The Power of Perpetuity
My son’s three favorite numbers are infinity, googleplex, and several. Lately, my favorite concept for considering numbers is perpetuity. The power of compound interest is a popular personal finance topic, but what may be even harder to get our finite minds around is the power of perpetuity. Its impact is significant both from the savings and income sides of a budget, yet we often write off opportunities for perpetuity when a sum sounds insubstantial in the present.
Let’s start by considering the savings side, because that’s a little easier to grapple with mentally. Take a relatively small expense like a cable bill. Let’s say you’re paying $60 per month. Sixty dollars is not a huge amount of money. It might not make a drastic difference in your finances. But when you think about the power of $60 per month in perpetuity, it looks a little different. That’s $720 per year. That’s $720 you can’t put toward debt, build into your emergency fund, invest for long-term goals, or share with people in need. That’s $720 more you need to bring in every year for the rest of your cable-watching life. That’s $720 per year that’s not earning interest. Sixty dollars per month is almost half a million dollars over 50 years at 8% growth ($479,932.83 to be exact).
I realize this example is a bit extreme in the time-frame. But at age 30, I’m facing an average of 50 more years on the planet. We need to start thinking more in perpetuity or we’ll miss out on its power. We think about what we want now and how it’ll affect today, this month, maybe this year if we’re relatively long-sighted. While we need to enjoy and appreciate living in the present, we also need to consider the real trade-offs we’re making with our money (and time).
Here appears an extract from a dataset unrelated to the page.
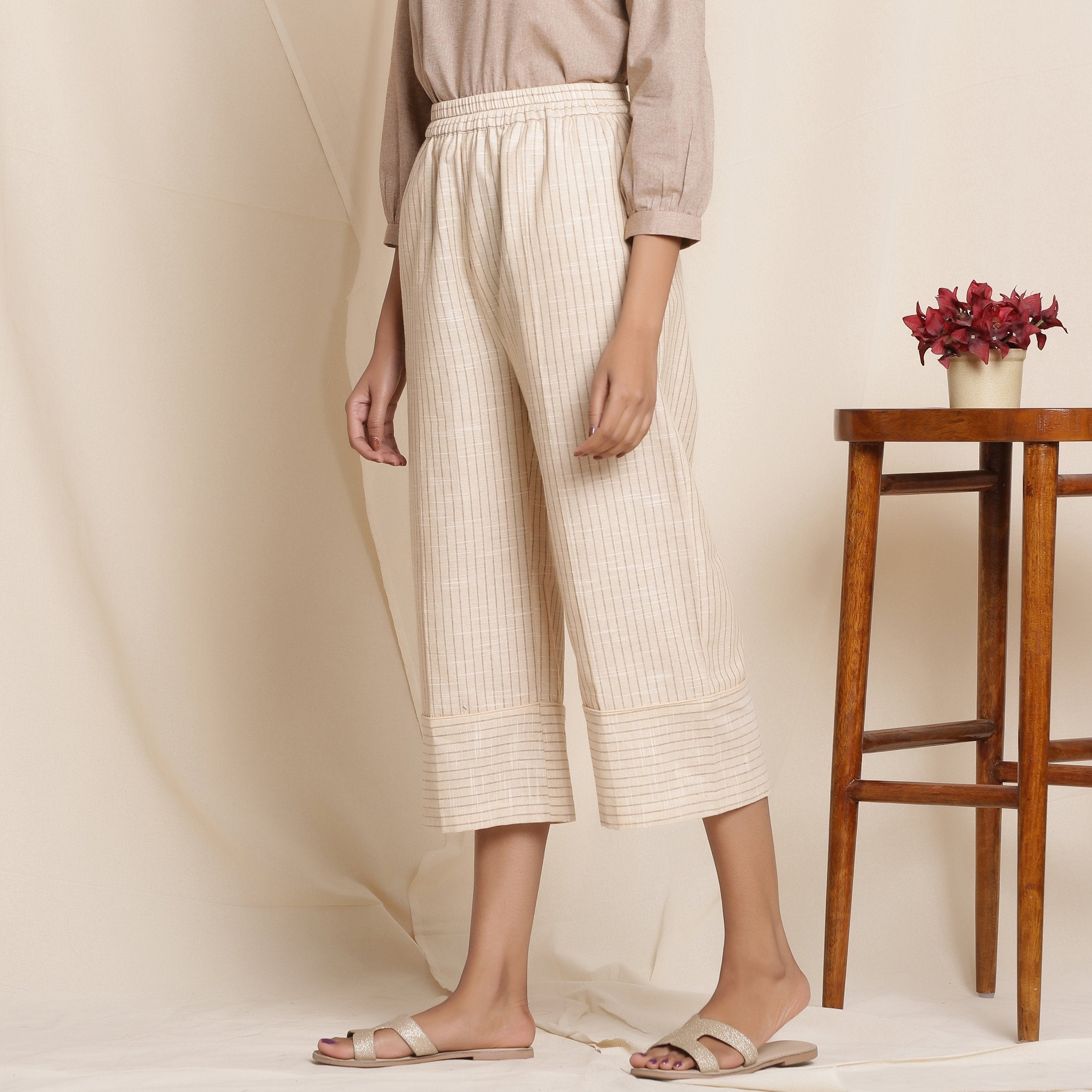 Left View of a Model wearing Dusk Beige Cotton Striped Elasticated Pant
Would I rather watch cable TV, or leave my children or a charity half a million dollars? This is extreme and over-simplified for the sake of illustration, but I hope it brings home the point. (And just because I don’t happen to watch cable doesn’t mean there aren’t 100 other ways I could blow half a million dollars over the long haul.)
Now let’s think about the income side. Take, for example, investing in rental properties. The upfront cost of purchasing and fixing up a property may seem overwhelming. You might not start seeing a return on your investment for 5-10 years. But after that, you could bring in an extra $1k per month in perpetuity. Sure, you might have the property vacant for a few months here and there, and you’d have work and expenses to maintain the property, but an average of $1000 per month in perpetuity is nothing to dismiss, especially if you invest it in retirement or college funds.
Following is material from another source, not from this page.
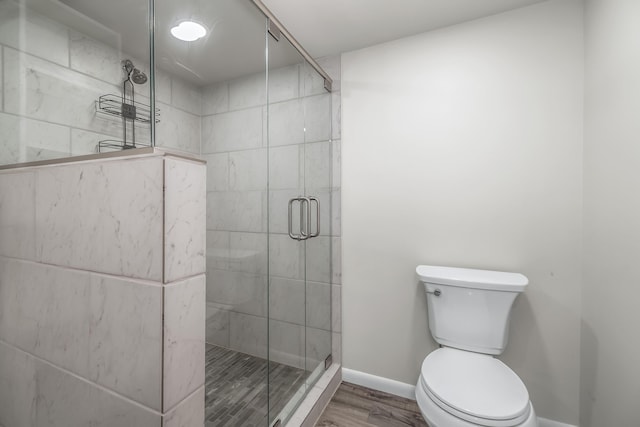 bathroom featuring walk in shower, hardwood / wood-style flooring, and toilet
Now let’s say you find a few ways to save money—on utilities, food, transportation, or whatever—and you’re saving $500 per month and (to be conservative) bringing in an extra $500 in perpetuity. That’s an extra $1000 per month to work with—in perpetuity. This is the power of frugality: if you live on less, you simultaneously can invest more and require less income in perpetuity. So while your investments grow, you freeze or even deflate your lifestyle, meaning you’ll need less of that stash when the time comes to start living off it.
Maybe you have no interest in cutting cable or owning a rental property. These are just examples. But if you can find something in your budget you’re willing to consider spending less on, and extrapolate the impact that could have over several decades, you may find yourself motivated to make a change you wouldn’t otherwise.
The same goes for the income side. Maybe you’re under-earning because you’re afraid to make a career change. You figure you’re making enough and feel safe where you are. I’m not at all in favor of revolving life around making as much money as possible. But you could be missing out on a more rewarding and lucrative career simply because it’s more convenient in the moment to stay put.
The power of perpetuity is why we’re willing to call our utility companies and negotiate lower rates. It’s why we shop at a discount grocery store and mostly cook at home. It’s why we buy second-hand (or even trash-pick) many items. It’s part of the reason Neil changed industries in his career, to increase his marketability and earning potential. In isolation, none of these moves might change the course of our financial lives; taken together in perpetuity, it’s the difference between financial slavery and flexibility.
Again, my point is not to work away your life and spend every spare moment scouring your budget for ways to save a dime. Rather, as you’re faced with day-to-day financial decisions, try to consider the power of perpetuity as well as the needs or whims of the present. It’s the latte effect on steroids. And it lets you dream bigger than you ever will just living for today.
How could you harness the power of perpetuity in your finances?